→ RECORDS PROVIDED:
..........

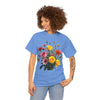 Wildflowers and Pink & Yellow Roses, Graphic T-Shirts for Women, Floral Shirt, Womens Short Sleeve, Ladies Graphic Tees #5138TTS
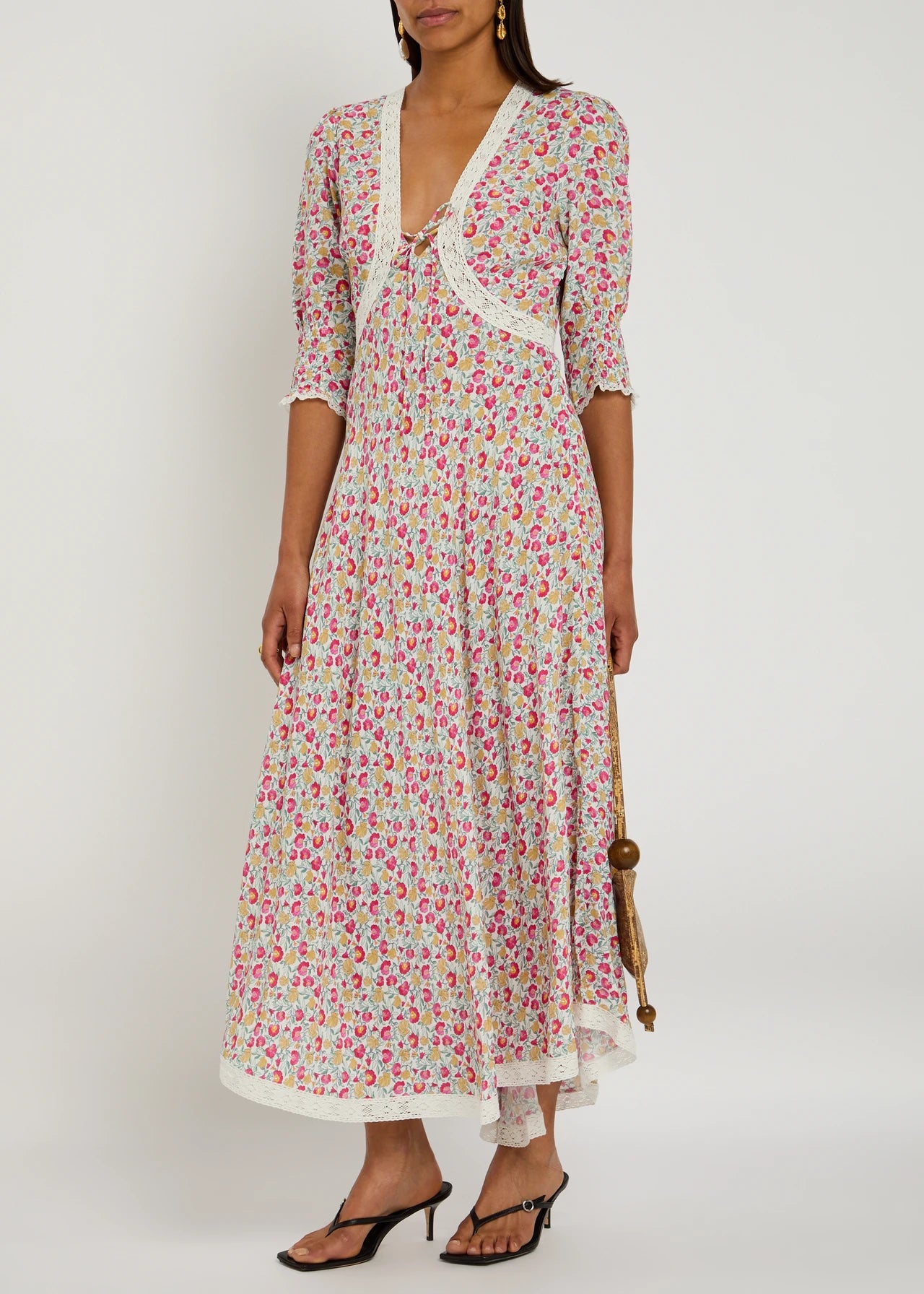 Rixo London Amina Pansy Floral Print Woven Midi Dress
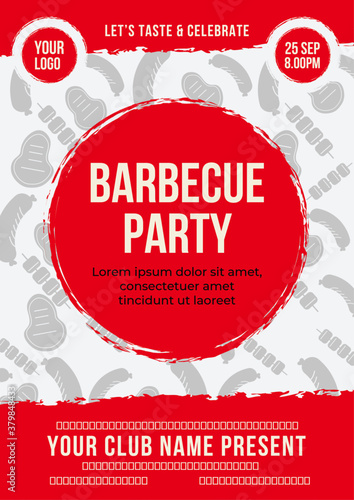 BBQ Party Flyer, Barbecue Poster, Food Flyer

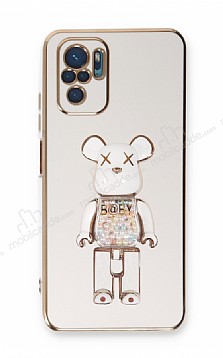 Eiroo Xiaomi Redmi Note 10 Candy Bear Standl Beyaz Silikon Klf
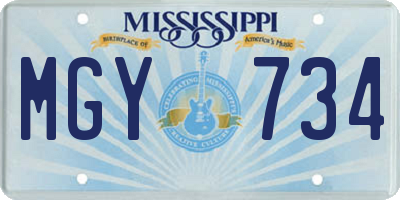 MS license plate MGY734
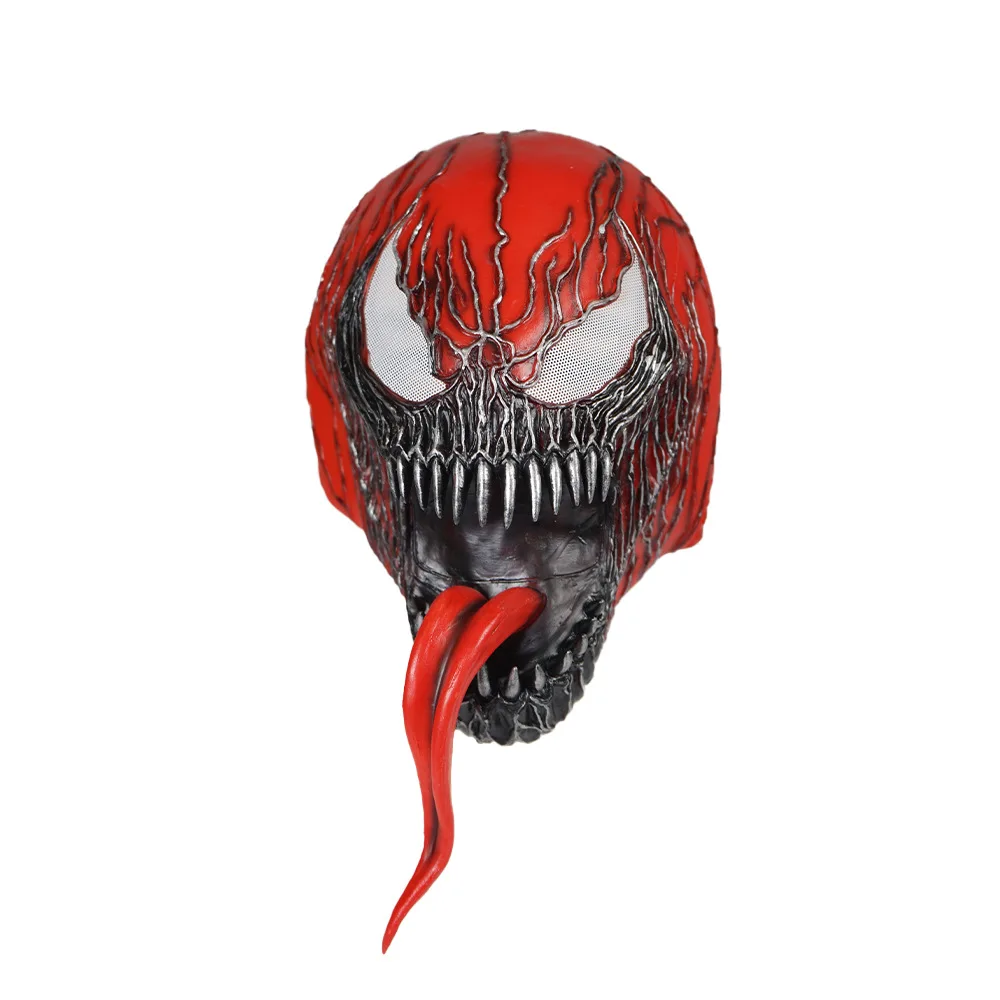 Cos Red Horror Real Latex Mask Venom Cosplay Full Face Superhero Mascaras Halloween Headgear Scream Villain Scary Masquerade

..........

→ WHAT YOU HAVE TO DO:
Going from the line holding "Rixo London Amina" to the last line of the data above, reproduce every line exactly, both included, with the pictures omitted.

→ COMPLETED TASK:
 Rixo London Amina Pansy Floral Print Woven Midi Dress
 BBQ Party Flyer, Barbecue Poster, Food Flyer

 Eiroo Xiaomi Redmi Note 10 Candy Bear Standl Beyaz Silikon Klf
 MS license plate MGY734
 Cos Red Horror Real Latex Mask Venom Cosplay Full Face Superhero Mascaras Halloween Headgear Scream Villain Scary Masquerade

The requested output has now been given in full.